> It was really funny, Uber switched from MySQL to Postgres, and then Postgres to MySQL. So they’ve gone back and forth a couple of times, but when they’ve swapped to Postgres, they had to figure out – they had all this app logic that relied on things being case-insensitive, because the database just doesn’t respect case search.
This suggests to me that the guest here maybe doesn't know about collations? But that doesn't seem likely (possible?) given his stated experience and the roles he's held. So what gives?
Guest here. The context is Uber was on MySQL which by default doesn't respect (or at least in their version and setup at the time) case sensitivity. To MySQL craig is the same as Craig when matching.
I'm fairly familiar with Postgres, but have not heard of a collation that tackles case insensitivity without tweaking the system itself? Postgres you can tweak this at the system level, but I've not seen it in the wild and as per the docs you're now non deterministic. For MySQL it appears you can change this, but seems a surprising default for them they expected case insensitivity.
Yes, another option could have been indexing and searching on lower or upper casing, but they wanted the minimal change to their app.
There was once a conference talk they gave about their migration process from MySQL->Postgres, but I'm not immediately able to find the video online so it may have been removed.
I'm not familiar with pg, but the choice of case sensitivity is a fundamental property of collations in other DBMSes like MSSQL. Web search does make it look like pg only got case-insenstivity-via-collation in v12 (2019), and also requires you to make your own collation with case-insensitivity since it doesn't have any built-in ones with it.

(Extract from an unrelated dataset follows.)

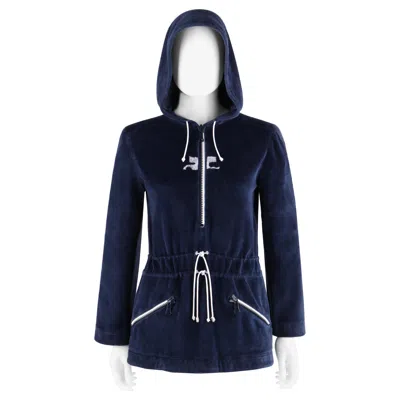 Pre-owned Courrèges Courreges C.1970's Hyperbole Navy Plush Half-zip Sport Hoodie Sweatshirt In Blue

It's been a while and don't remember the specifics, but when we implemented a POSIX-compliant filesystem at Maginatics (acq. by EMC), we used MySQL (Percona actually) to store the FS logic (inode numbers, filenames, etc) and case sensitivity was one of the FS features. Maybe Percona supports it? I do remember (at least at that time) that full utf-8 support was poor though.
Btw, don't get me started about case-sensitive file systems - Windows got it right (case-preserving, but case-insensitive). Why should both /home/ellen/Music and /home/ellen/music exist? :)
Because once you go there, you have to answer questions which are not as easy. Does M match m? Does i match ı? Does a match あ? Does あ match ア? Does m match 𝓂? What happens when they need to coexist?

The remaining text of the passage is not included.